In re Mazzio
2014 U.S. App. LEXIS 11839
6th Cir.2014Background
- Mazzio convicted in 1999 of possession with intent to distribute cocaine and conspiracy to distribute.
- His mandatory minimum of 240 months arose from prior felony and possession of five or more kilograms of cocaine.
- He was sentenced to two concurrent 240-month terms followed by ten years of supervised release; convictions affirmed in 2002.
- Mazzio filed a §2255 motion in 2004 alleging ineffective assistance of counsel; district court denied in 2006; COA denied and appeal dismissed in 2007.
- On October 8, 2013, Mazzio filed a motion for authorization to file a second or successive §2255 petition.
- Mazzio relies on Alleyne v. United States to argue the factual basis for his mandatory minimum was not jury-found; Alleyne held some facts are jury-found elements.
Issues
| Issue | Plaintiff's Argument | Defendant's Argument | Held |
|---|---|---|---|
| Is Alleyne retroactive on collateral review? | Mazzio argues Alleyne should be retroactive. | Moore argues Alleyne is not retroactive. | Alleyne is not retroactive. |
| Does Alleyne establish a new rule of constitutional law retroactive on collateral review? | Alleyne creates a new retroactive rule. | Alleyne does not establish retroactivity. | Not retroactive under §2255(h)(2). |
| Does Teague demand retroactivity of Alleyne as a watershed rule? | Alleyne is a watershed procedural rule. | Alleyne is not a watershed rule. | Alleyne does not fit Teague's watershed category; not retroactive. |
Key Cases Cited
- Alleyne v. United States, 570 U.S. 99 (U.S. (2013)) (holding that certain facts increasing the mandatory minimum are elements)
- Teague v. Lane, 489 U.S. 288 (U.S. (1989)) (teague framework for retroactivity of new rules on collateral review)

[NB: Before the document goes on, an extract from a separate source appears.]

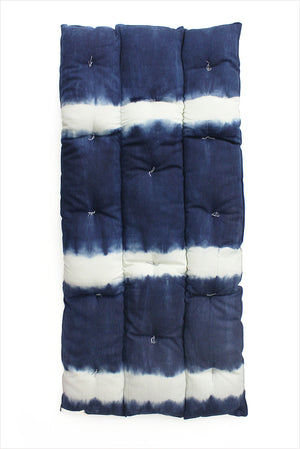 Tensira Rectangular Mattress Dark Indigo Tie Dye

- Schriro v. Summerlin, 542 U.S. 348 (U.S. (2004)) (new procedural rules generally not retroactive)
- Ring v. Arizona, 536 U.S. 584 (U.S. (2002)) (jury determination of facts increasing punishment; analogous reasoning used for retroactivity)
- Harris v. United States, 536 U.S. 545 (U.S. (2002)) (upheld judicial factfinding for increased sentences under prior framework)
- Apprendi v. New Jersey, 530 U.S. 466 (U.S. (2000)) (facts increasing maximum sentence must be submitted to jury)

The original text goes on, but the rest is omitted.